Алиса поспешила мне на выручку.
— Маша хочет написать путевые заметки, — сказала она мягко, — и украсить их всякими смешными историями.
— Именно так, — оживилась я.
— А зачем тебе это надо? Истории эти? — не унималась Галка.
— Ну… когда у меня будет дыхание прерываться… — попробовала я пошутить.
— Дыхание у нее будет прерываться… — усмехнулась Галка, в усмешке этой уже звучала откровенная недоброжелательность. Чем-то я ее задела, обидела… или как-то так.
— А можно смешную вставку из нашей жизни? — спросил Артур примирительно. — Слушайте байку, — и рассказал милую историю, которую я тут же пожелала записать на диктофон, естественно, уже со своего голоса.
«Родители отдали ребенка в пионерлагерь. Ребенок домашний. Попереживали, поплакали — всё! Ребенок исчез в недрах системы. Родители считают дни и надеются, что у него все хорошо. Через некоторое время получают от сына письмо — аккуратное, на хорошей глянцевой бумаге…»
— Почему ты начинаешь с обмана? — перебила меня Галка. — Откуда в пионерлагере хорошая глянцевая бумага?
— Описочка вышла, — призналась я. — Продолжаю… Получили от сына письмо на вырванном из тетради листке, текст был написан грамотно и без единой помарки. Начиналось оно так: «Мама и папа! Я живу хорошо, кормят нас вкусно…» Далее перечислялись блага пионерлагеря. Родители опешили. Нет, это не наш ребенок. Это не его стиль. Не может быть, чтобы система настолько изуродовала его за месяц пионерской жизни. Стали вертеть письмо в руках, искать какого-то знака. И нашли.

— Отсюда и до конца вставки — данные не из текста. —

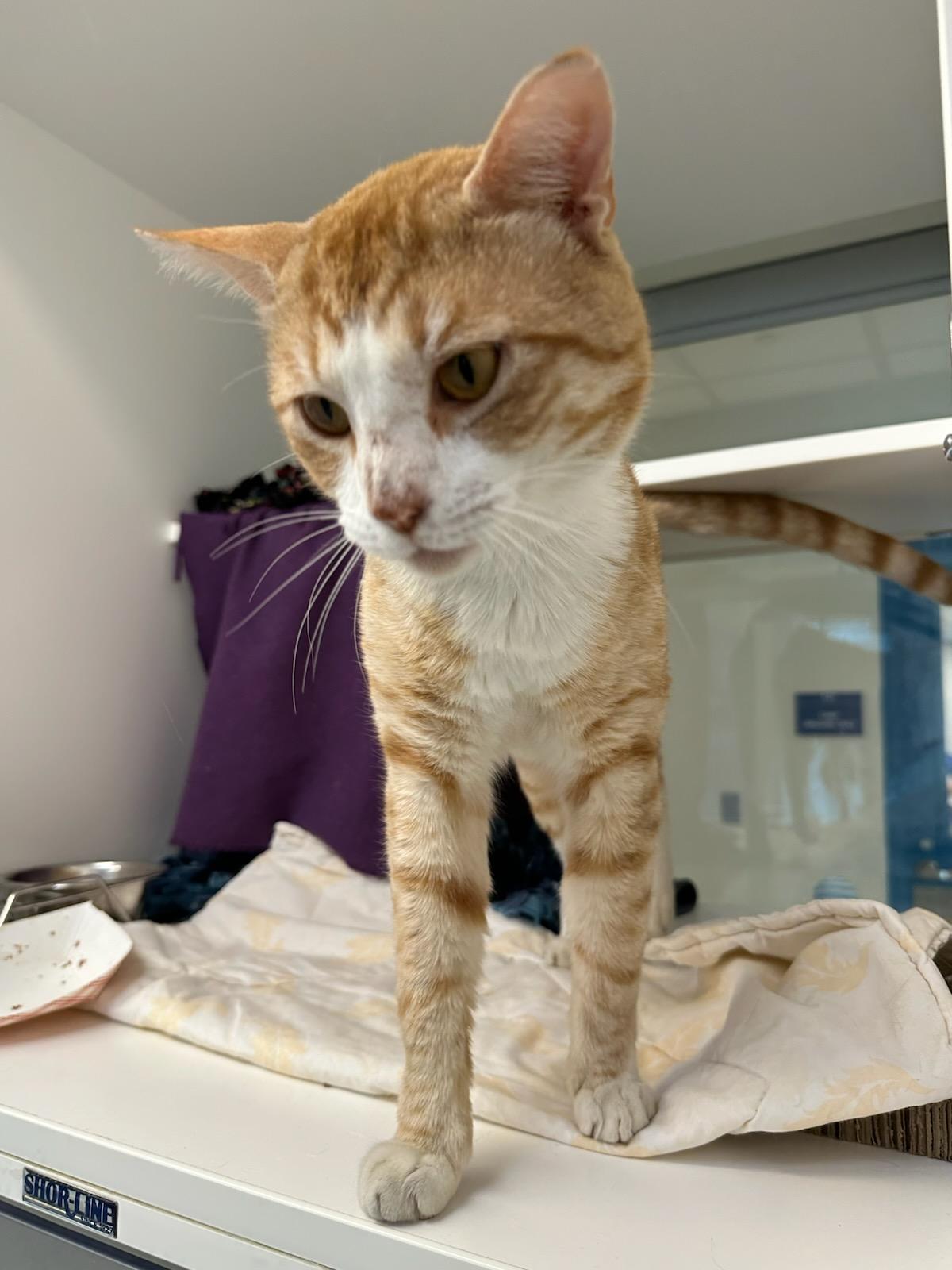 Enlarge Tiger King (ID 50916/1080), a ADOPTABLE Domestic Short Hair in Manassas, VA image 2/3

Сбоку мелкими буквами с двумя ошибками написано: «Сдесь тюрма». Они вздохнули с облегчением и помчались в лагерь забирать сына.
Я перевела дух.
— Твоя писательская кухня вызывает сомнения, — как всегда, с Галкой нельзя было понять, шутит она или говорит серьезно.
— Уже? — Я еще держалась. — Почему?
— Ты должна писать голый сюжет, заготовку. А ты походя комментируешь жизнь. А этого не надо. Не сочиняй сразу. Сочинять ты будешь потом. Пойми, это сложный процесс — писать книги. Главное для писателя — точность. Понимаешь — точность!
Таким тоном разговаривает учительница с нерадивым учеником. Галку можно понять. Она двадцать лет преподавала в школе.
— А по-моему, нормально записано, — в Артуре пропадал дипломат высокого пошиба. — Давайте я вам еще одну историю расскажу.
Чтобы не слышать Галкиных нареканий, я поднесла к нему диктофон, но Артур отвел его рукой.
— Вы потом сами наговорите, ваш диктофон меня гипнотизирует.
История и правда была хорошей. Отсмеялись, и я стала ее наговаривать.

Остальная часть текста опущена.